> _What is being asked_
From the line with "CCN DIGESTIVE CARE" to the final line of the data below, please write out every line exactly, with no pictures.

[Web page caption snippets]

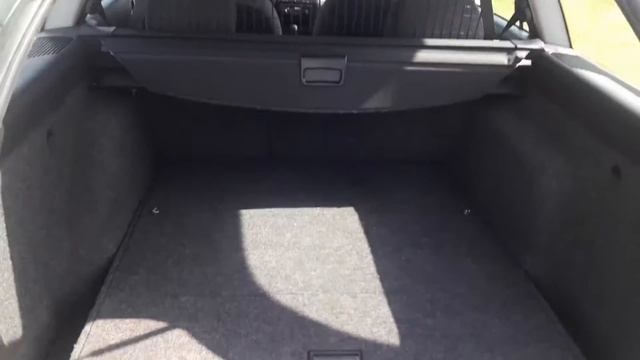 Шкода Октавія Тур. Продано. 2001р. 2.0бензин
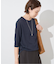 《追加》シアー天竺5分袖Tシャツ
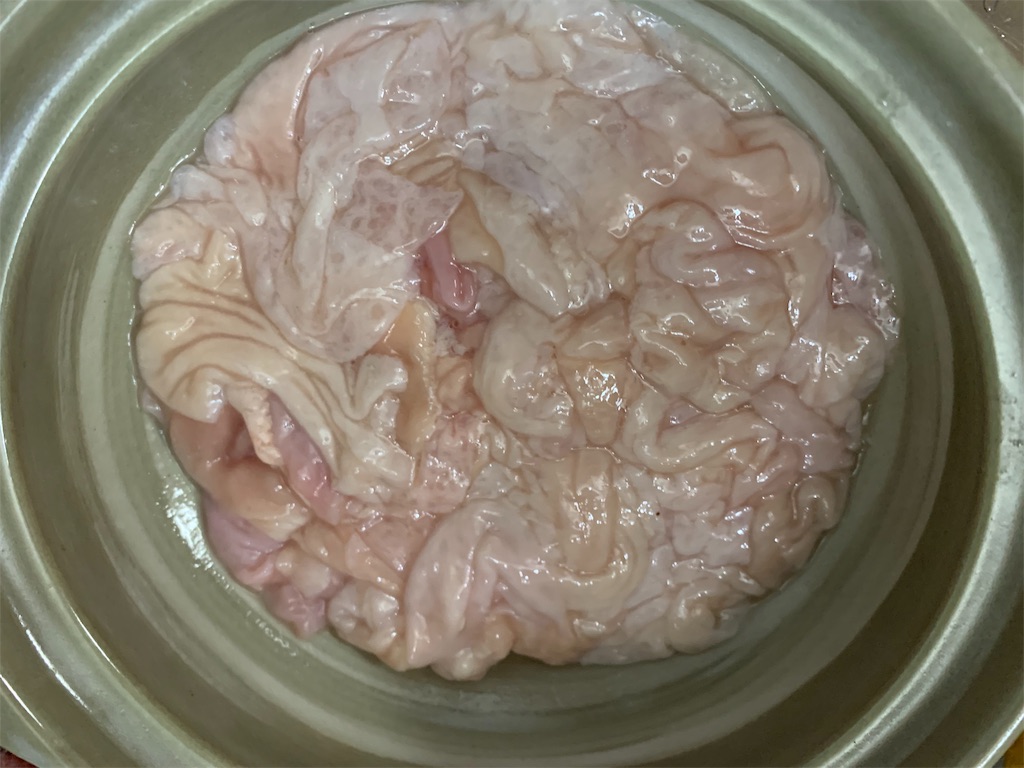 f:id:Amohiro:20200213174953j:image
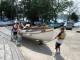 Thumbs/tn_Img_3218.jpg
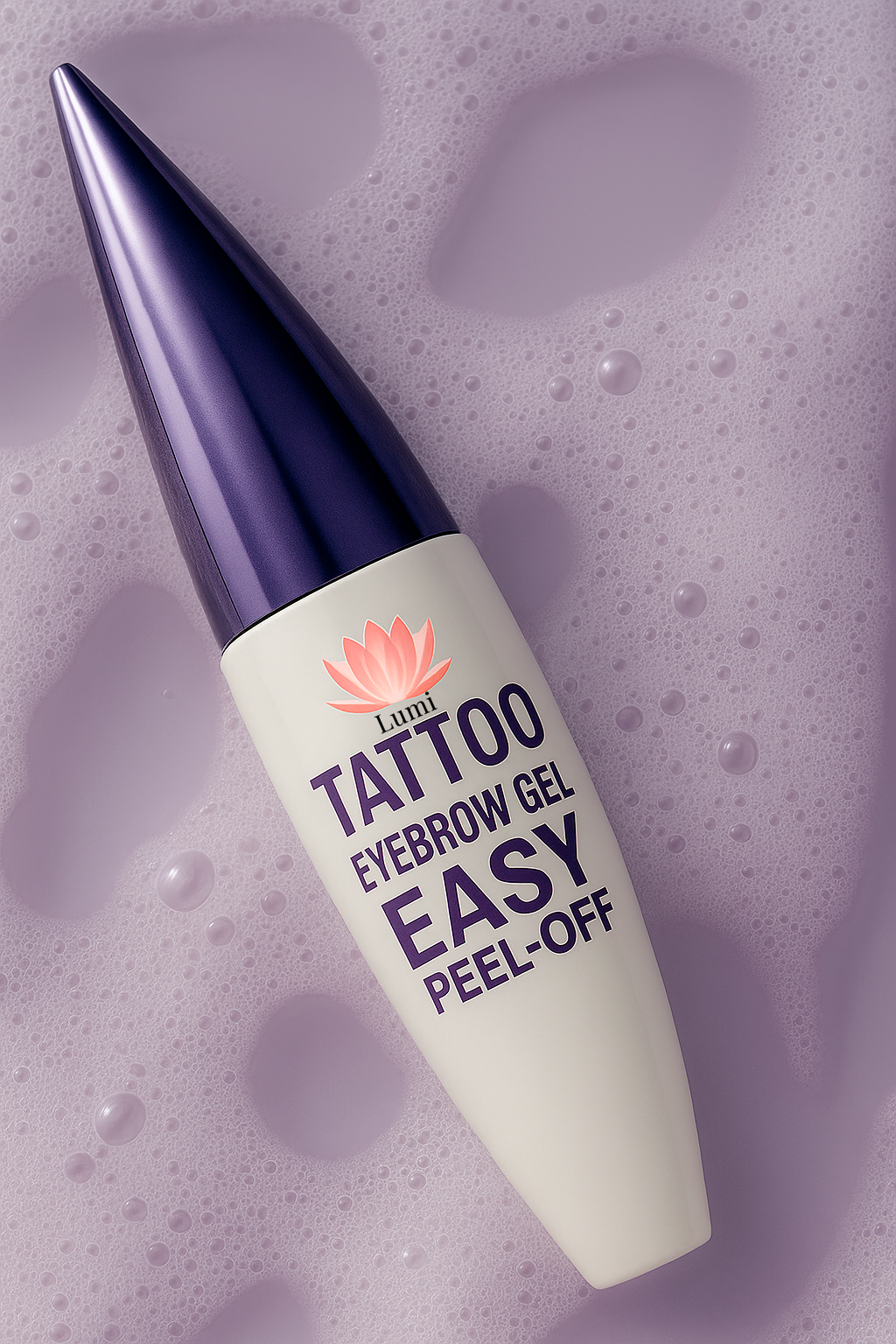 LumiBrow™ Tint Gel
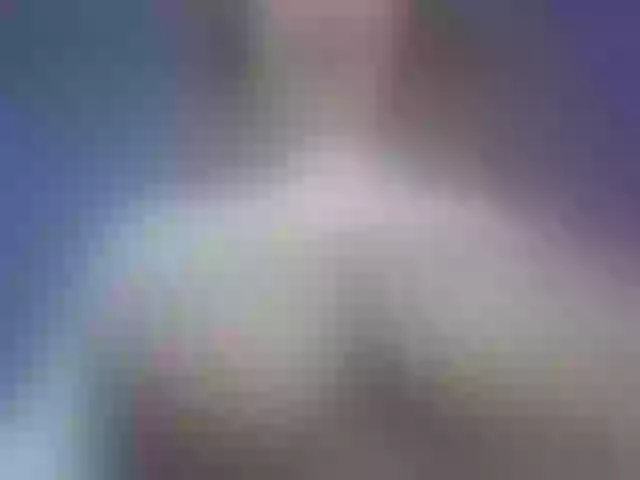 Live sex webcam photo for pink0811 #240887024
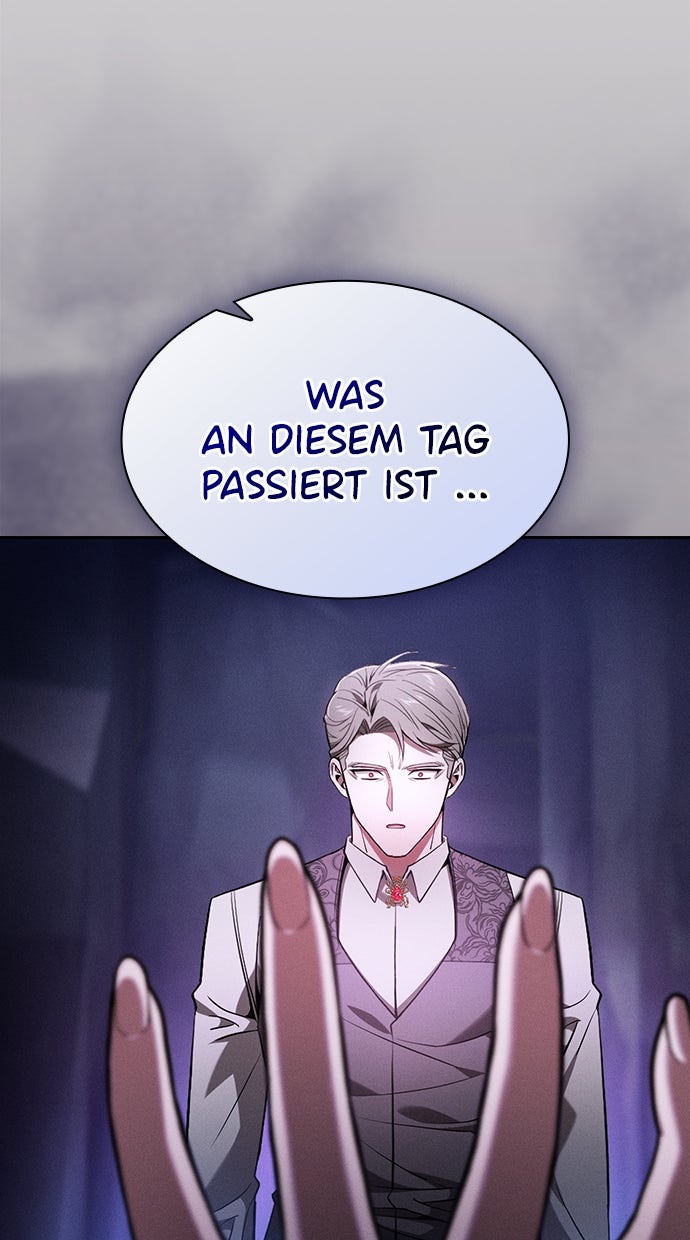 Read Der geniale Schwert - Kämpfer der Akademie Manga Online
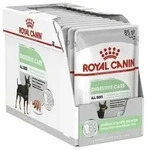 CCN DIGESTIVE CARE LOAF - wet food for adult dogs - 12x85g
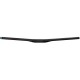 PRO Tharsis Riser 10 Handlebar, Alloy, Riser, 35mm, 780mm x 10mm Rise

> _Written solution_
 CCN DIGESTIVE CARE LOAF - wet food for adult dogs - 12x85g
 PRO Tharsis Riser 10 Handlebar, Alloy, Riser, 35mm, 780mm x 10mm Rise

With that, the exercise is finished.